Pour Dominique Dellac, justement, « Les sujets dits « sensibles » sont en fait tous les sujets de société. Les contradictions qui sont à l’œuvre aujourd’hui dans la société, viennent forcément percuter tous ces projets. » Et la Vice-présidente du Conseil départemental de la Seine-Saint-Denis en charge du patrimoine culturel, de la mémoire, du tourisme et de l’éducation artistique et culturelle, d’ajouter : « Nos parcours d’éducation artistique et culturelle (EAC), nos parcours d’éducation aux médias et à l’information (EMI) ne sont pas construits en vase clos. Mais je pense qu’on arrive justement dans le cadre des parcours EAC, et EMI (ndr suivis par Elodie Girardet, Conseillère départementale déléguée au projet éducatif des collèges) à construire du dialogue dans le respect ».

De gauche à droite, Marc Boissonnade, directeur de F93, Victor de Oliveira, auteur, metteur en scène, Claire Zindy, enseignante de français, Making wave, Juliette Goursat, enseignante de français, Louise Bartlett, journaliste, Cléo Coze, déléguée académique à l’éducation artistique et culturelle de l’académie de Créteil, et Jonathan Ruiz-Huidobro, chef du service culture, art et territoire du Département de Seine-Saint-Denis.
« La laïcité comme langue commune »
Pour conclure cette après-midi riche en échanges, Nicolas Cadène, ancien rapporteur général de l’Observatoire de la laïcité auprès du Premier ministre, lance une jolie adresse au travail réalisé en Seine-Saint-Denis : « La France n’est pas un bloc monolithique : elle est une conversation. Et la laïcité en est la langue commune. Ce que vous faites ici, en Seine-Saint-Denis, dans ce département où la France de demain se construit chaque jour dans toute sa diversité et sa vitalité — c’est une contribution essentielle à ce projet.
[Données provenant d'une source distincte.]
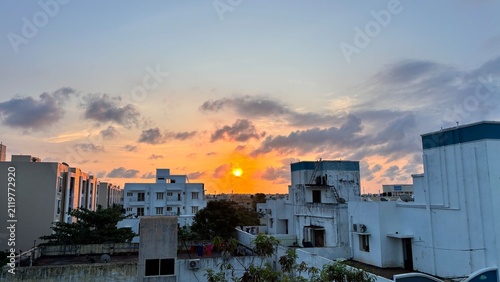 Fotografie Golden Sunrise Over Residential Neighborhood in Chennai, Tamil Nadu, India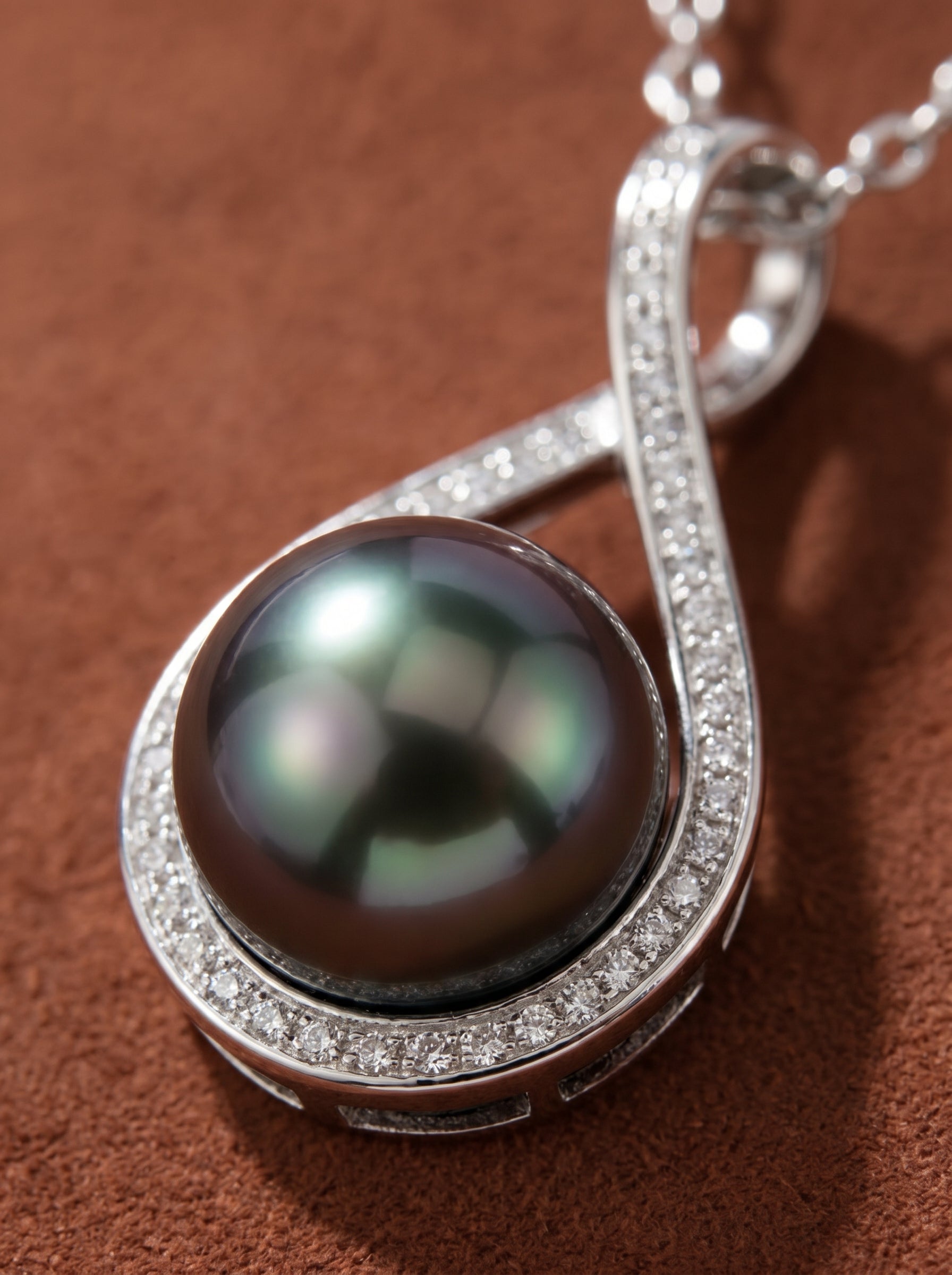Close-up of the Eternity Weave Tahitian Pearl Infinity Drop Necklace, featuring a lustrous 10mm round Tahitian pearl with peacock overtones, embraced by a polished silver-toned infinity symbol frame encrusted with sparkling accents.@pearl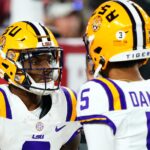 Jayden Daniels celebrates with Malik Nabers.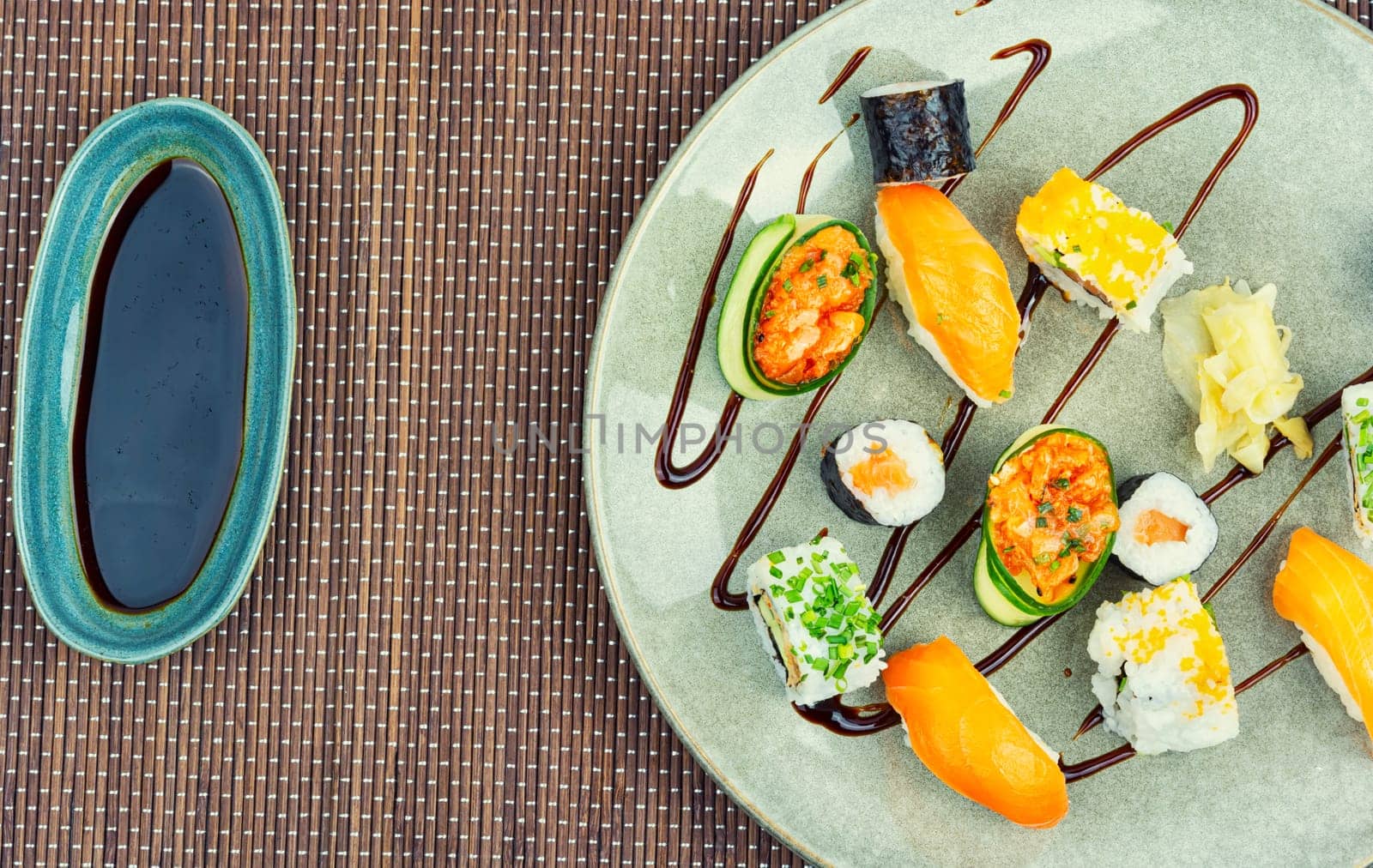 Delicious sushi rolls on the plate. Sushi menu. Japanese food.
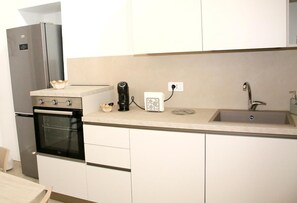 A compact kitchen with a built-in oven, a coffee maker, and a sink.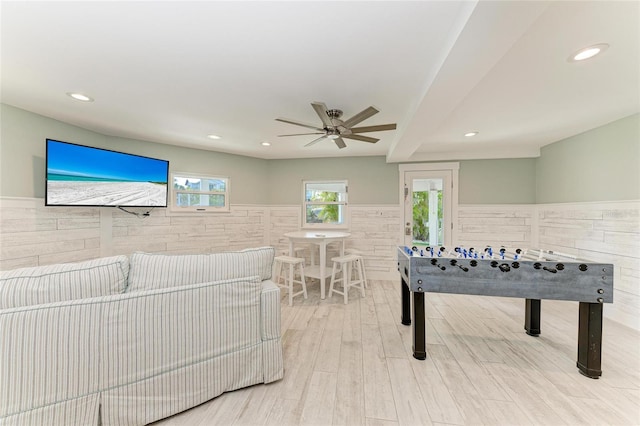 playroom with recessed lighting, a wainscoted wall, and light wood-style flooring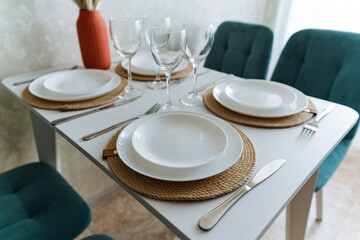 An incredibly elegant dining room table is meticulously and beautifully set with a stunning array of plates, fine glasses, and shiny silverware wonderfully artfully arranged on its surface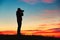 Silhouette of young photographer is enjoying sun. Photographer at the sunrise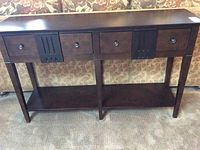 Front view of Pier One console table showing three drawers with metal knobs, vertical groove detailing, and lower shelf.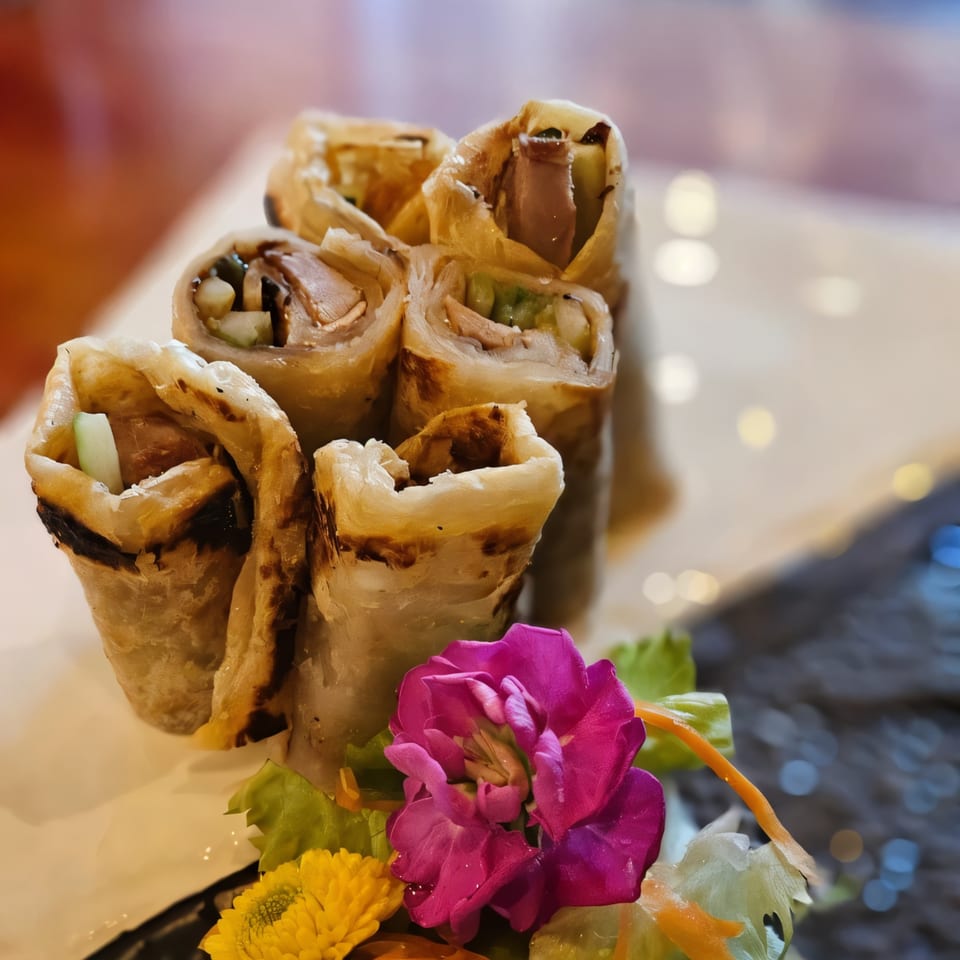 Crispy Thai spring rolls filled with meat and vegetables, garnished with vibrant pink and yellow flowers.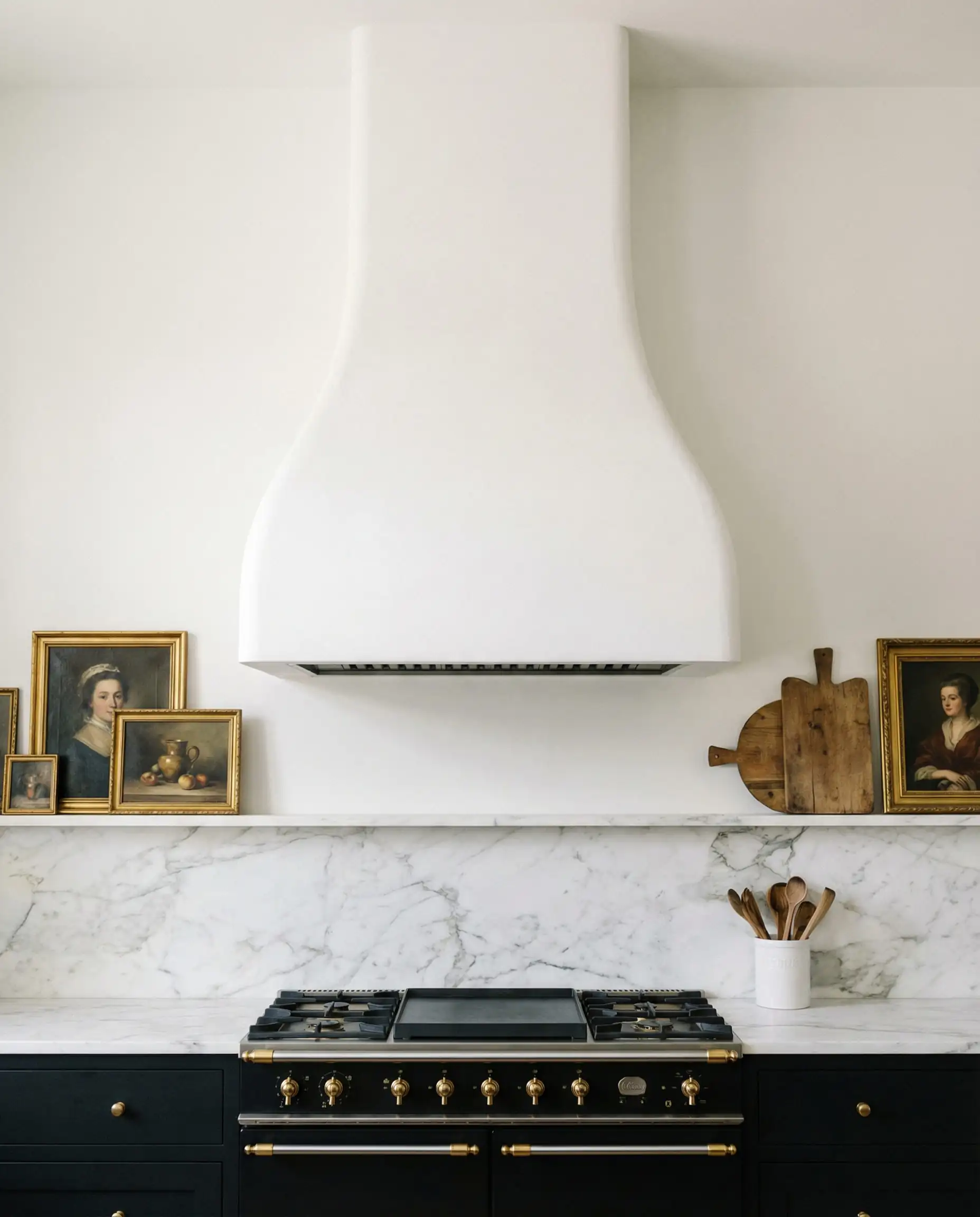 Large curved white plaster kitchen range hood over a black professional range cooker with marble backsplash.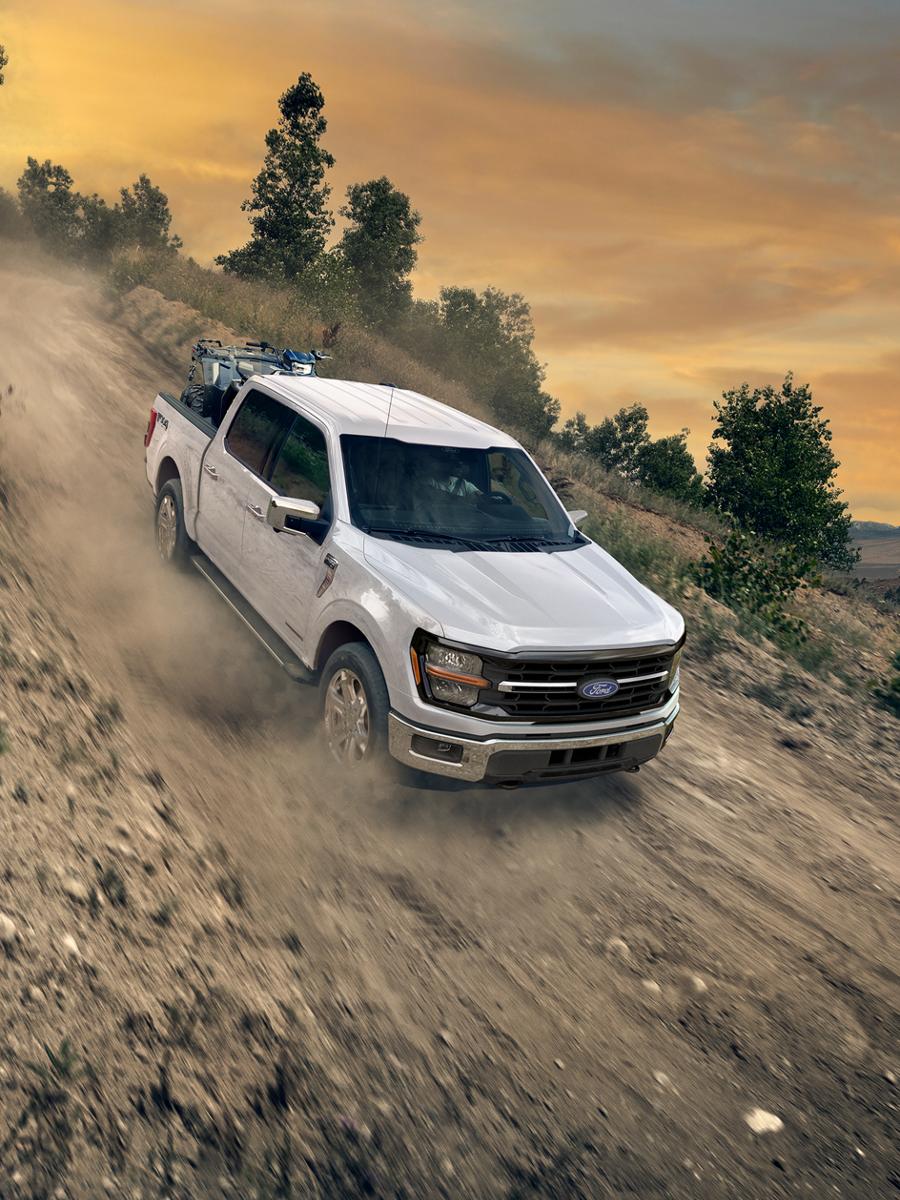 2026 Ford F-150® XLT pickup in Oxford White being driven down a dirt road with an ATV in the bed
Ne le minimisez pas ».
L’inspectrice d’Académie Florence Maron insite sur la « qualité de travail et de partenariat entre le Conseil départemental et l’éducation nationale, quels que soient les niveaux d’intervenants et les services qui sont concernés, et cela vraiment dans un esprit de mise à profit pour nos élèves de collège et pour les équipes pédagogiques »
Les sujets sensibles sont-ils les mêmes
pour les collégiens et pour les adultes ?
Les récits familiaux apparaissent comme des sensibles à aborder pour les collégiens. Victor de Oliveira, auteur, comédien et metteur en scène qui mène un parcours CAC au collège Jacques-Prévert à Noisy-le-Sec en a été témoin. À partir du moment où il se retrouve avec la classe de 3e et qu’il pose la question de leur famille, du parcours de leur famille, il se rend compte qu’ils et elles ont tous et toutes des parents qui viennent de l’étranger : « A partir de ce moment-là, comment on se regarde ? Comment on est dans un rapport d’altérité, c’est à dire regarder l’autre, l’accepter dans toute sa différence, dans tout ce qu’il a de différent. Ce travail-là est sensible, selon comment on accepte ou pas nos origines. Selon la façon de comment on vit, ce qu’on pourrait appeler ce mot qui est un peu difficile, notre propre intégration ou l’intégration de nos parents ou de nos grands-parents. Selon la façon comment je me vois moi-même en tant que Français d’origine. C’est sensible parce que je peux ne pas savoir comment en parler ? Comment trouver les mots ? Toute la question est d’arriver à nommer. A cet âge-là, c’est très difficile de trouver les mots, d’arriver à poser les choses et à nommer. » Pour Victor de Oliveira c’est là où le théâtre peut servir justement à faire en sorte que ces mots-là puissent venir « plus facilement, ou plus librement ou plus joyeusement, parce qu’il y a ce chemin de la fiction ou du travail théâtral sur un plateau ».